Crocodiles being killed for food

March 03, 2020

One of Jamaica's most feared reptile is being dragged into the kitchen and on dinner tables in several household across Jamaica. This is according to the National Environment and Planning Agency (NEPA) fauna coordinator in the Ecosystems Management Branch, Ricardo Miller.

"In the past, we have brought people before the court who have been cooking the meat, and they keep little festivals and things like that, even in Kingston here. We have found crocodiles dead in the wild with their tails missing so we know that someone take the tail for meat," Miller told THE STAR.

The NEPA representative said that there are indications that crocodile meat is being sold on the black market. In 2017, this newspaper reported that crocodile meat is being sold for $2,000 per pound on Jamaica's south coast. Crocodile hunters normally wade into murky waters to catch the legally protected animal and kill it.

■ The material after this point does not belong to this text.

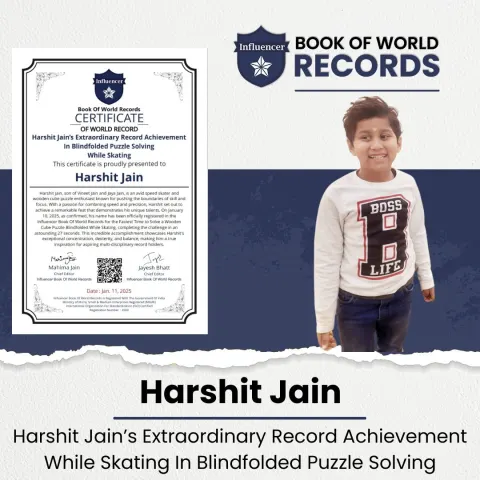 Harshit Jain — Harshit Jain’s Extraordinary Record Achievement  While Skating In Blindfolded Puzzle Solving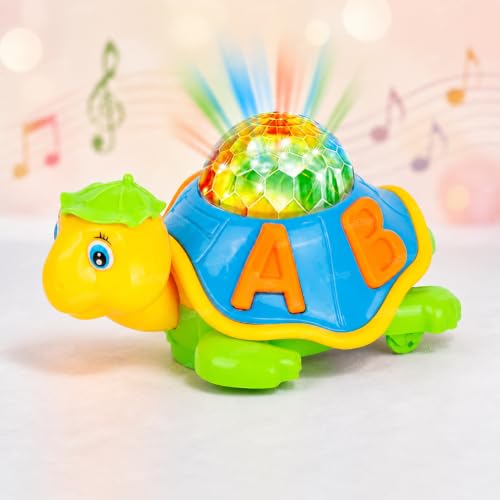 Image of Zest 4 Toyz Musical Toy for Kids Happy Turtle Bump and Go Dancing Toy Animal Figure with 3D Flashing Light & Sound Toy for Babies (Multicolor)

"What we do is same like when you a kill cow. We tie the rope around him neck, draw him around the tree and cut him throat. After we drain out the blood out of him, we skin him, then cut it up," a crocodile hunter was quoted as saying in the 2017 article.

Killed on video

A video recently surfaced on social media which shows two men killing a crocodile before chopping off its tail. The crocodile was earlier caught in a fishing net. NEPA has since launched a probe into the incident and has asked members of the public to assist them in finding the men.

"We know the incident happened along the south coast," Miller said.

Crocodiles are one of Jamaica's many endangered species and are protected under law. It is an offence, under the Wildlife Protection Act, to posses, hunt, kill or capture or wilfully molest the crocodile. Individuals found guilty of the offence may be charged a maximum fine of $100,000 or face one year imprisonment.

NEPA is urging the public to call the agency at 876 754 7540 or toll free 888-991-5005 to provide information on this incident. Individuals may also call 119 or make a report to the nearest police station.